BEGIN Data for processing

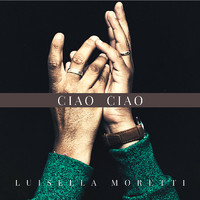 Luisella Moretti - Ciao Ciao (Karaoke in the style of La Rappresentante di Lista)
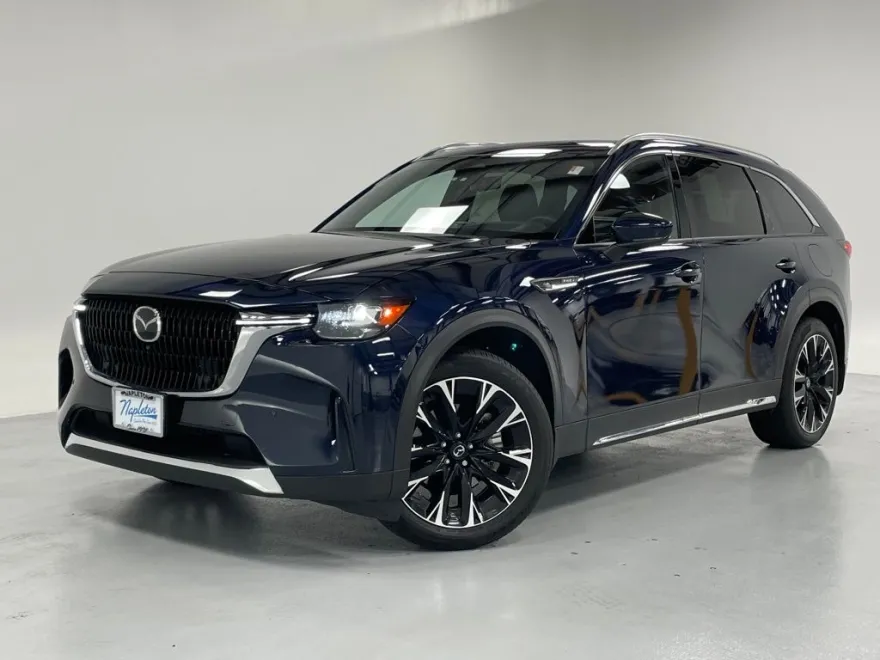2025 Mazda CX-90 Premium Plus photo 1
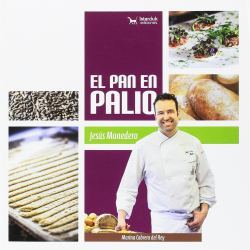 El pan en palio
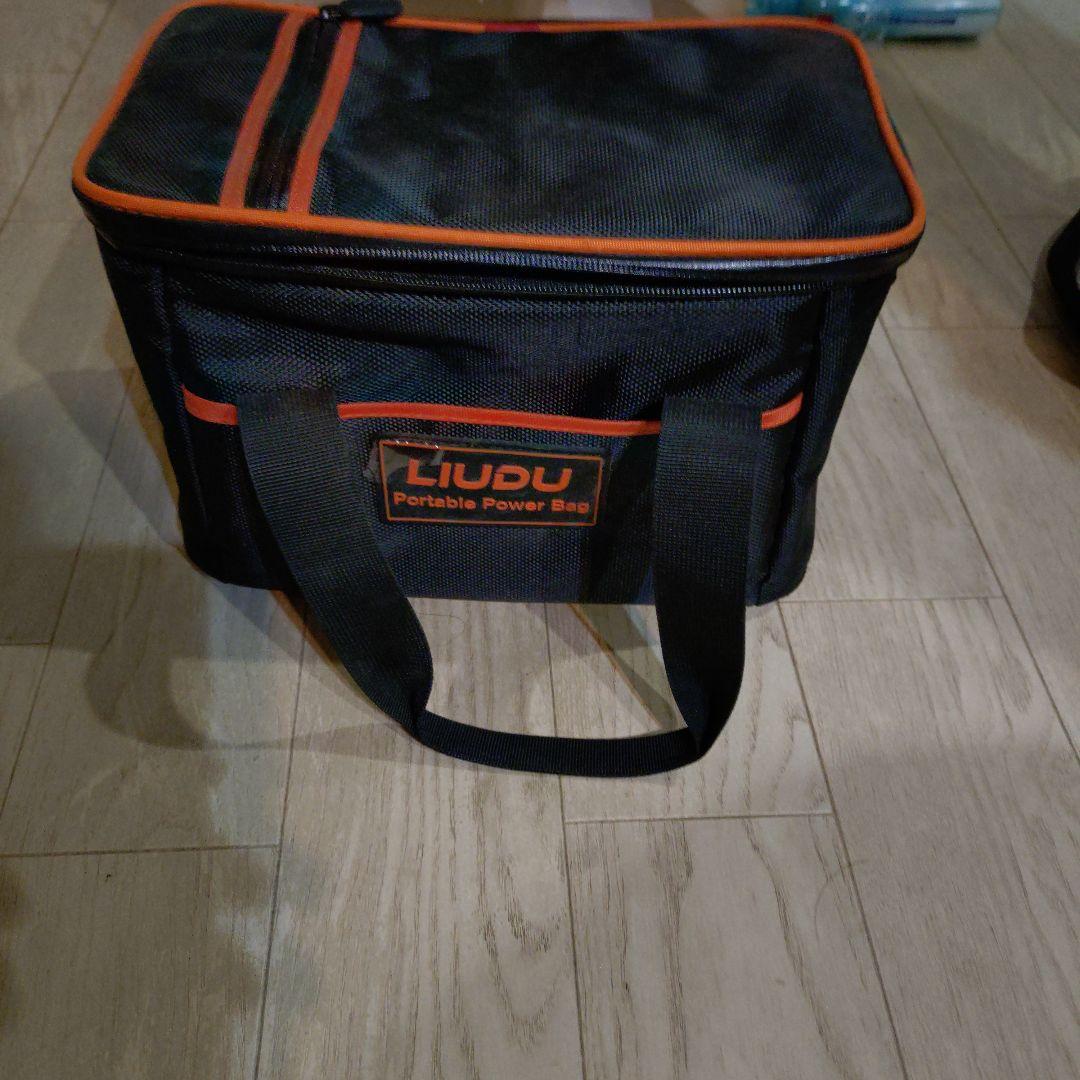 発電機・ポータブル電源 Jackery Portable Power 240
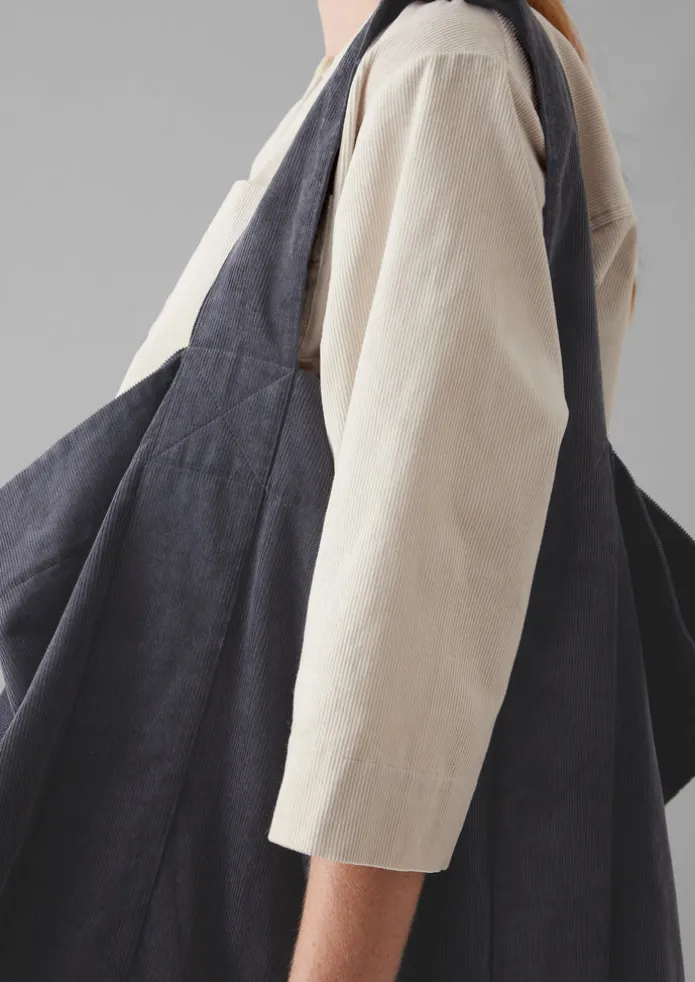 TOAST Bags & Belts | Bags & Belts-Organic Cord Lounge Bag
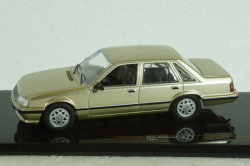 Opel Senator A2 1983 gold, CLC521N, IXO 1:43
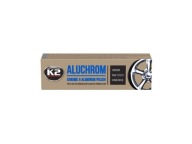 ALUCHROM Pasta na chróm a neželezné kovy, 120 g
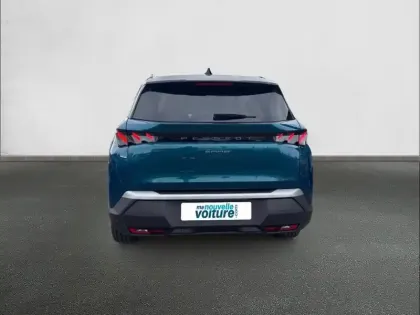 Photo 25 Peugeot 5008  Hybrid 145 ch e-DCS6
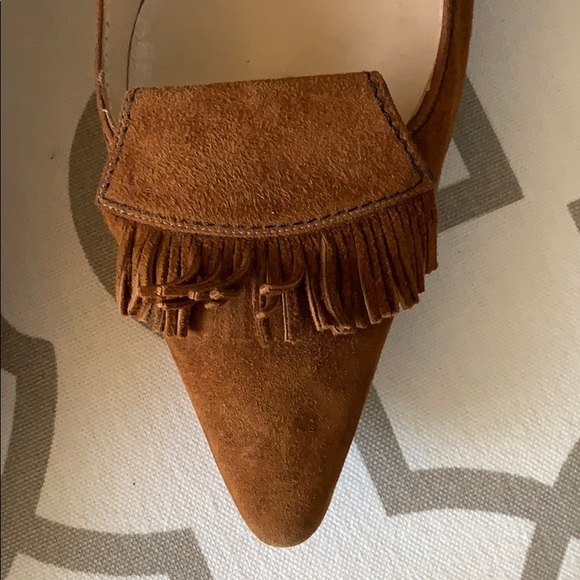 Manolo Blahnik pumps - Picture 5 of 13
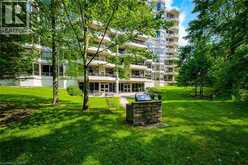 1770 MAIN Street W Unit# 705 | Hamilton Ontario | Slide Image Five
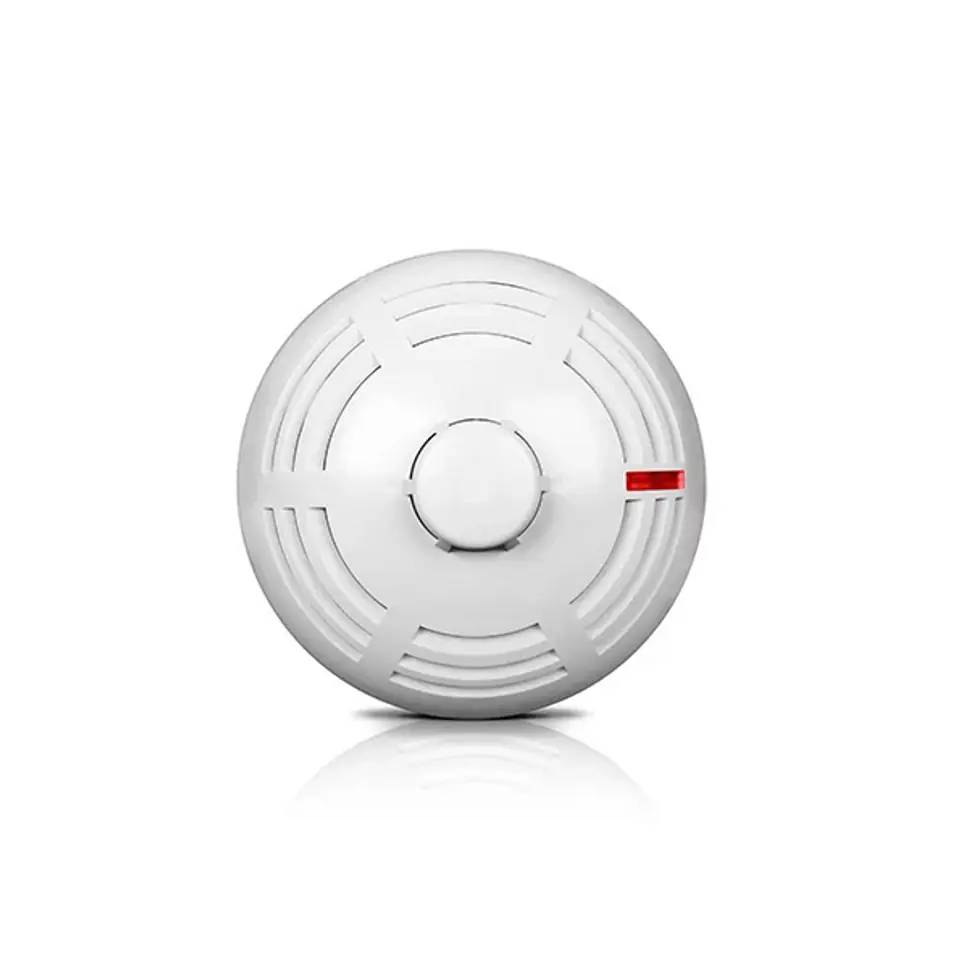 ⁨SATEL ADDRESSABLE MULTI-DETECTOR SMOKE AND HEAT DETECTOR DMP-400⁩ at Wasserman.eu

END Data for processing

## Activity
Only the lines from the one holding "2025 Mazda CX-90 Premium Plus photo 1" through the end of the data are to be printed, exactly as they stand and with no pictures.

## Response to this task
2025 Mazda CX-90 Premium Plus photo 1
 El pan en palio
 発電機・ポータブル電源 Jackery Portable Power 240
 TOAST Bags & Belts | Bags & Belts-Organic Cord Lounge Bag
 Opel Senator A2 1983 gold, CLC521N, IXO 1:43
 ALUCHROM Pasta na chróm a neželezné kovy, 120 g
 Photo 25 Peugeot 5008  Hybrid 145 ch e-DCS6
 Manolo Blahnik pumps - Picture 5 of 13
 1770 MAIN Street W Unit# 705 | Hamilton Ontario | Slide Image Five
 ⁨SATEL ADDRESSABLE MULTI-DETECTOR SMOKE AND HEAT DETECTOR DMP-400⁩ at Wasserman.eu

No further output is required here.